Write down the lines exactly as they appear, from the one that contains "Woman on an ipad through a window" through the final line of the records, so that both ends are kept and no pictures come along.

**Dataset extract**.
[Start of section]

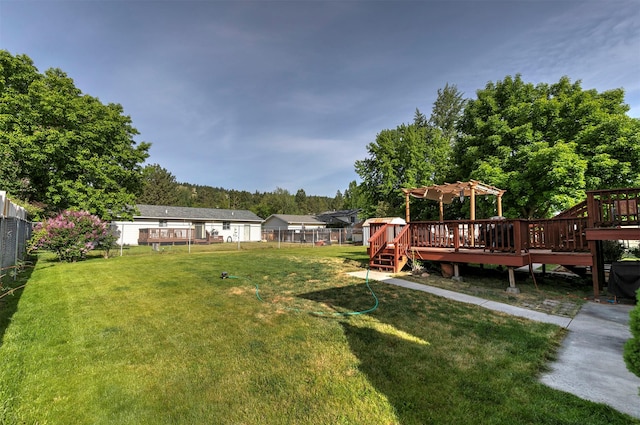 239 Essex St, Lolo, MT 59847 - view of yard featuring a wooden deck and a pergola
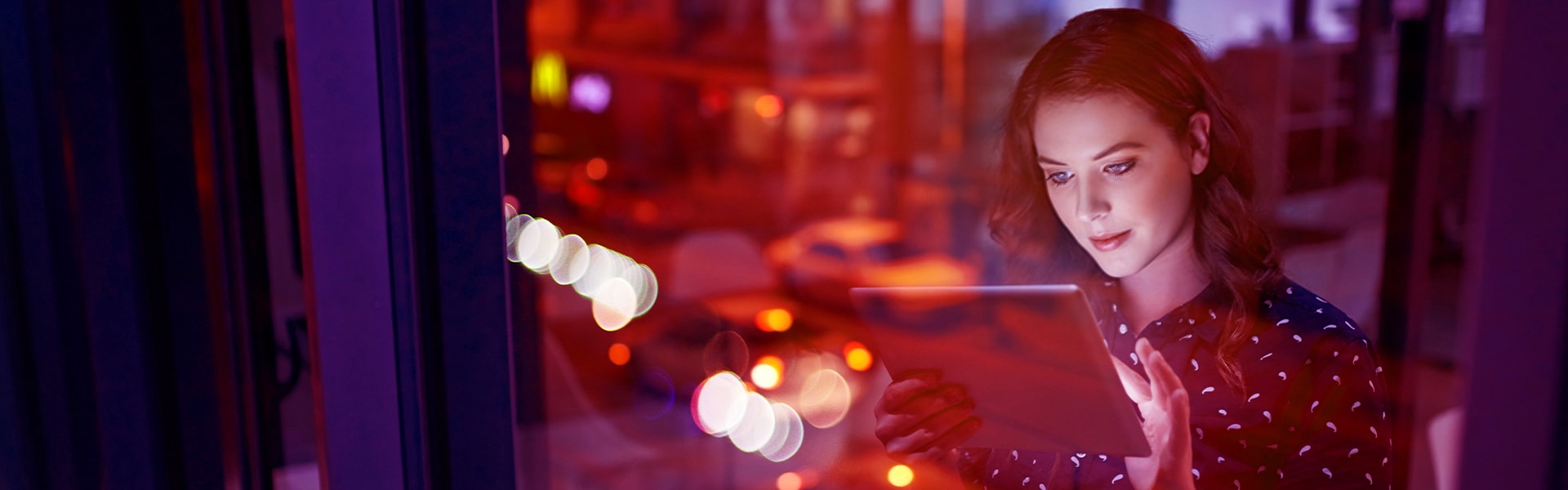 Woman on an ipad through a window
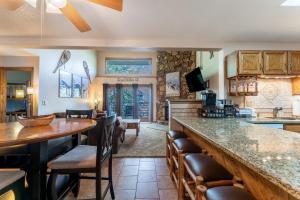 a kitchen with a bar and a living room at Snowdance Manor #405 : 2 in Keystone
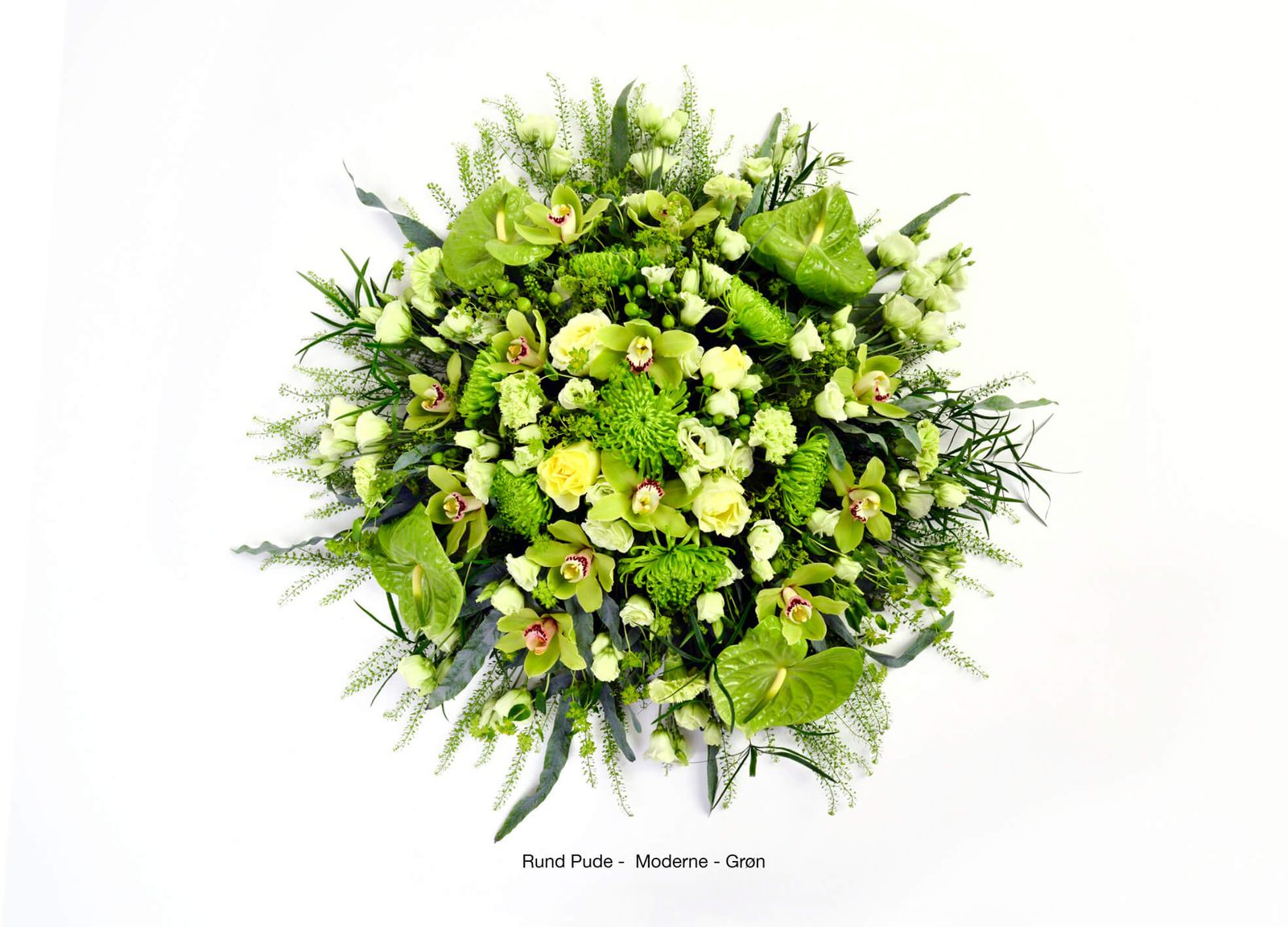 Product photography of green funeral arrangement featuring orchids, chrysanthemums and decorative foliage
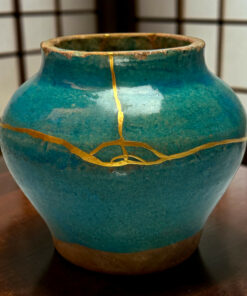Close-up of a teal ceramic vase showing a gold crackle seam and weathered rim against a grid-pattern background.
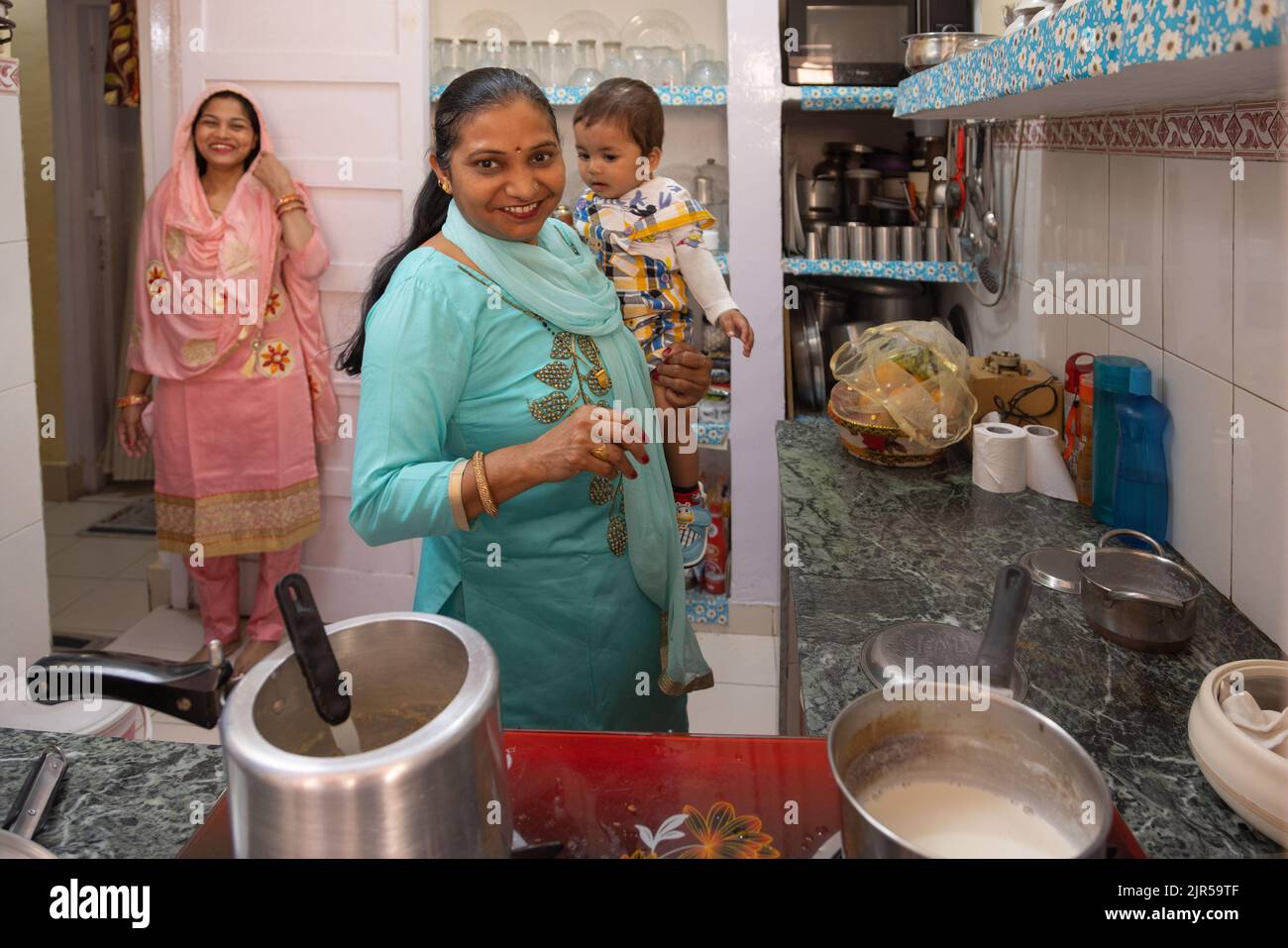 Porträt einer älteren Frau mit einem Enkelkind in der Küche und einer Schwiegertochter, die wegsteht Stockfoto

[End of section]

**Answer to this problem**.
 Woman on an ipad through a window
 a kitchen with a bar and a living room at Snowdance Manor #405 : 2 in Keystone
 Product photography of green funeral arrangement featuring orchids, chrysanthemums and decorative foliage
Close-up of a teal ceramic vase showing a gold crackle seam and weathered rim against a grid-pattern background.
 Porträt einer älteren Frau mit einem Enkelkind in der Küche und einer Schwiegertochter, die wegsteht Stockfoto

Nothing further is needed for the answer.